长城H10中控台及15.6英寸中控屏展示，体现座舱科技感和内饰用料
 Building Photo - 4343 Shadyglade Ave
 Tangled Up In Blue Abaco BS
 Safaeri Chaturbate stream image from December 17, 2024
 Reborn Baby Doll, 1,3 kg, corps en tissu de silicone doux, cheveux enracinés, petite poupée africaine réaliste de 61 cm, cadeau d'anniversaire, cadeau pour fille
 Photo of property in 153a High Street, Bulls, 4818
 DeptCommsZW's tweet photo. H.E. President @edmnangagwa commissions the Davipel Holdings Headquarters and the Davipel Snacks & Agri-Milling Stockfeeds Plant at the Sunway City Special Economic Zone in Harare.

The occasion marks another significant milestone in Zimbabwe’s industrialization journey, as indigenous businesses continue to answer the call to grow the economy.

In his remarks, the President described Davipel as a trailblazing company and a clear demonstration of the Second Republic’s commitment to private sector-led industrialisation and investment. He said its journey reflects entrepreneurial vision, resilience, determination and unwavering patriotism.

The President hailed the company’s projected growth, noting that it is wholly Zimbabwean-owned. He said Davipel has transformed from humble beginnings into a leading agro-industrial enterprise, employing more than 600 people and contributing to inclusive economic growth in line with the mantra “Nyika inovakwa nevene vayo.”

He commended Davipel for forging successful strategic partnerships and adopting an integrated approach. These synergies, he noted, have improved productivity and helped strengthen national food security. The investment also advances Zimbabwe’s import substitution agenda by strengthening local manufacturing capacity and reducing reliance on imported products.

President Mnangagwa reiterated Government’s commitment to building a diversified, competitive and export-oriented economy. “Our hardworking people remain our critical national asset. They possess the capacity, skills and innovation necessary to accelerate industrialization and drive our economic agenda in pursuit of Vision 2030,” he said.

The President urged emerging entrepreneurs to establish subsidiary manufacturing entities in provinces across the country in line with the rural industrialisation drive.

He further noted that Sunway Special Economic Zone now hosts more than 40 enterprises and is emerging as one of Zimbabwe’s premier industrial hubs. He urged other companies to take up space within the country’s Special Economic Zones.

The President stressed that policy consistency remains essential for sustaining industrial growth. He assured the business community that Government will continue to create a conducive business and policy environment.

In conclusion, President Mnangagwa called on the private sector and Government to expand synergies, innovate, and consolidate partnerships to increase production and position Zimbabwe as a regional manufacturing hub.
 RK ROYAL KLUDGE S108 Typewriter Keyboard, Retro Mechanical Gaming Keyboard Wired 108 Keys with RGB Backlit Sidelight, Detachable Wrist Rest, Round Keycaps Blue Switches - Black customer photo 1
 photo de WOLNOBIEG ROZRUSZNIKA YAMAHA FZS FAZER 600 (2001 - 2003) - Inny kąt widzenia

▸ Work to complete
The entries above must be transcribed word for word.

▸ Solution for this task
长城H10中控台及15.6英寸中控屏展示，体现座舱科技感和内饰用料
 Building Photo - 4343 Shadyglade Ave
 Tangled Up In Blue Abaco BS
 Safaeri Chaturbate stream image from December 17, 2024
 Reborn Baby Doll, 1,3 kg, corps en tissu de silicone doux, cheveux enracinés, petite poupée africaine réaliste de 61 cm, cadeau d'anniversaire, cadeau pour fille
 Photo of property in 153a High Street, Bulls, 4818
 DeptCommsZW's tweet photo. H.E. President @edmnangagwa commissions the Davipel Holdings Headquarters and the Davipel Snacks & Agri-Milling Stockfeeds Plant at the Sunway City Special Economic Zone in Harare.

The occasion marks another significant milestone in Zimbabwe’s industrialization journey, as indigenous businesses continue to answer the call to grow the economy.

In his remarks, the President described Davipel as a trailblazing company and a clear demonstration of the Second Republic’s commitment to private sector-led industrialisation and investment. He said its journey reflects entrepreneurial vision, resilience, determination and unwavering patriotism.

The President hailed the company’s projected growth, noting that it is wholly Zimbabwean-owned. He said Davipel has transformed from humble beginnings into a leading agro-industrial enterprise, employing more than 600 people and contributing to inclusive economic growth in line with the mantra “Nyika inovakwa nevene vayo.”

He commended Davipel for forging successful strategic partnerships and adopting an integrated approach. These synergies, he noted, have improved productivity and helped strengthen national food security. The investment also advances Zimbabwe’s import substitution agenda by strengthening local manufacturing capacity and reducing reliance on imported products.

President Mnangagwa reiterated Government’s commitment to building a diversified, competitive and export-oriented economy. “Our hardworking people remain our critical national asset. They possess the capacity, skills and innovation necessary to accelerate industrialization and drive our economic agenda in pursuit of Vision 2030,” he said.

The President urged emerging entrepreneurs to establish subsidiary manufacturing entities in provinces across the country in line with the rural industrialisation drive.

He further noted that Sunway Special Economic Zone now hosts more than 40 enterprises and is emerging as one of Zimbabwe’s premier industrial hubs. He urged other companies to take up space within the country’s Special Economic Zones.

The President stressed that policy consistency remains essential for sustaining industrial growth. He assured the business community that Government will continue to create a conducive business and policy environment.

In conclusion, President Mnangagwa called on the private sector and Government to expand synergies, innovate, and consolidate partnerships to increase production and position Zimbabwe as a regional manufacturing hub.
 RK ROYAL KLUDGE S108 Typewriter Keyboard, Retro Mechanical Gaming Keyboard Wired 108 Keys with RGB Backlit Sidelight, Detachable Wrist Rest, Round Keycaps Blue Switches - Black customer photo 1
 photo de WOLNOBIEG ROZRUSZNIKA YAMAHA FZS FAZER 600 (2001 - 2003) - Inny kąt widzenia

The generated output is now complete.